It is illogical to expect that you have the same currency and interest rates for countries that are never—ever—going to be in sync at any one time. How can you have that? Look at Germany at the one extreme and Greece at the other, let alone governance of these countries. How can the Chancellor, George Osborne, possibly suggest increased fiscal integration among the eurozone countries? I cannot see how that can work. Increased fiscal integration is dependent on political and emotional integration, and a buy-in by all the citizens of each country. The last person to achieve integration in Europe was the Emperor Charlemagne in the eighth century. On the other hand, in a country like India where you have a truly federal state, you can have full integration—and the states in India are far more diverse than the countries in Europe. Then you can have a central government. However, in Europe, fiscal integration without political or emotional integration is a pipe dream. It has not happened in 60 years, and it is not going to happen.

Therefore, we have got to accept that the euro was a step too far. Our forays into political integration with the European Union have resulted in a system in which we have MEPs who have absolutely no connection with their constituents, who in turn have no idea who they are. There are constant complaints in our country about the bureaucracy and red tape that come out of Brussels, particular in the areas of business and employment law.
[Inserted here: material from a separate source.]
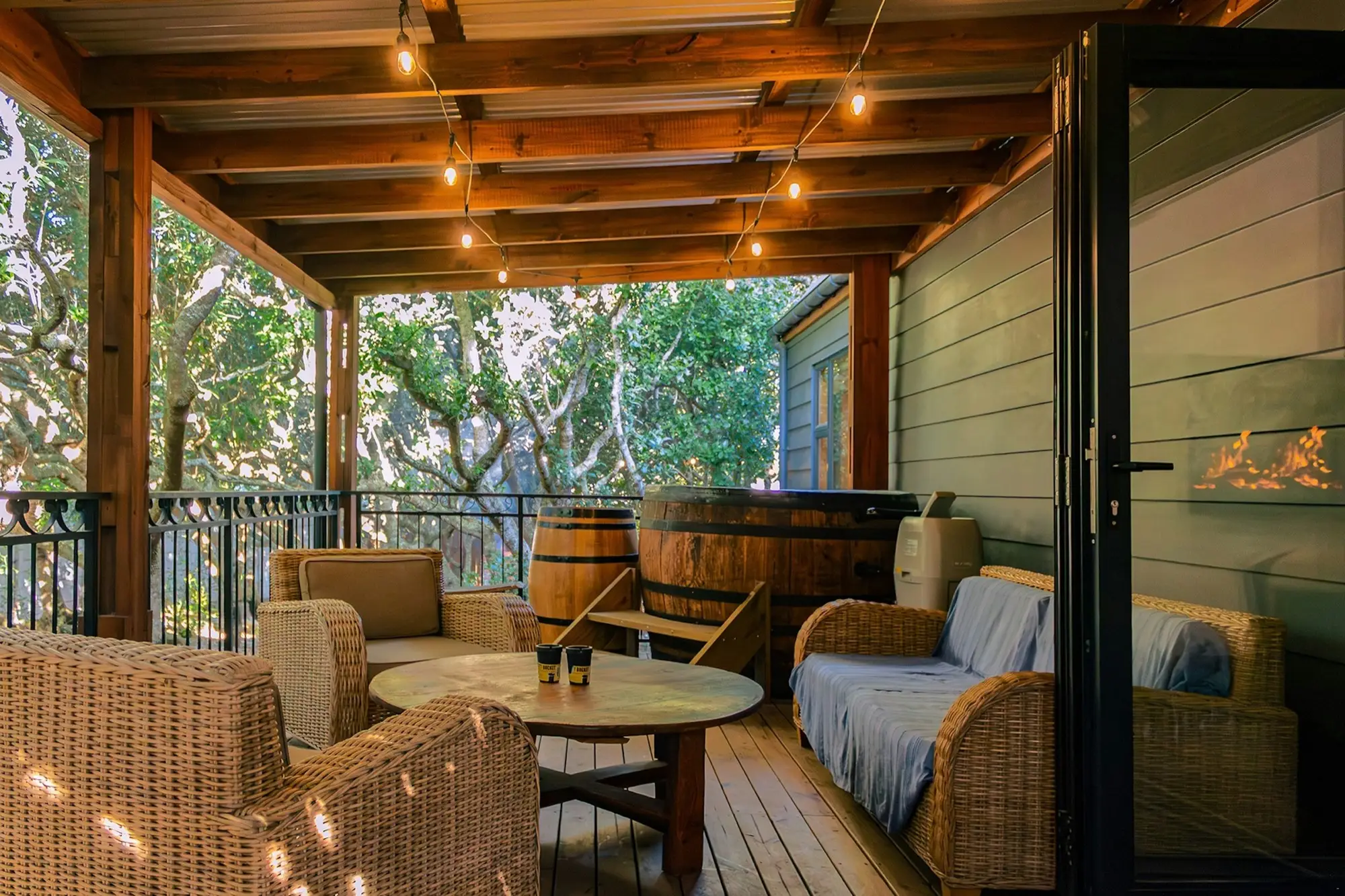 The hot tub on the covered deck, with wicker armchairs and festoon lights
I have spoken before about the domino effect that has taken place in the past five years: of the sub-prime crisis leading to the credit crunch, leading to the financial crisis, leading to the great recession, leading to the sovereign debt crisis, and leading to the eurozone crisis. We are at a very precarious time in history. The people who say that Greece merely represents 0.5 per cent of the world's economy, or 3 per cent of the eurozone, miss the point: it only takes half a spark to start a whole fire.

What are the Government's plans to deal with the possible disintegration of the euro and the eurozone? The Government refuse to have a plan B where the economy is concerned, but I credit them for having sent out the right signals to the global financial markets by showing that we are willing to cut our GDP/public expenditure from 50 per cent to 40 per cent. That is good, but what are the plans for a euro-disaster scenario?

Does the Minister agree that Britain should take a leadership role to resolve this disaster that lies ahead of us? Bailing out Greece—and other countries; we have heard about Italy, with €1.9 trillion of debt—the measures have gone from a sticking plaster to a bandage last week, and now Greece has admitted itself into the operating theatre. We are only prolonging the inevitable. Can Britain play a leadership role with this doomsday scenario possibly taking place, rather than being told by President Sarkozy to stay out of it? Why does it take the noble Lord, Lord Wolfson, to offer a prize for a solution to a country disengaging from the euro? Does that mean that the Government do not know how this should happen? In my role as the president of the UK India Business Council, I always say that we are so perfectly positioned as a gateway to Europe.

What are the Government doing to deal with the negative impact of hedge funds and people taking advantage of credit default swaps, accentuating the downward spiral scenario? Everyone talks about the ECB saving Europe but look at the EFSF, which has not even been able to raise €3 billion out of the €1 trillion it is meant to. Gary Jenkins of Evolution Securities put it really well when he said:

“The vehicle that's supposed to borrow on behalf of the countries that can't borrow, can't borrow”.

With regards to a referendum, the question should be not about whether we are in or out of Europe, but about how countries are in Europe and on what terms. Under the worst of circumstances, where the eurozone could disintegrate, we now have an opportunity to redraw almost from scratch what the European Union should be: a union of countries with democratic principles, with a rule of law and with shared values. Then we will have a European Union with peace, stability and growth.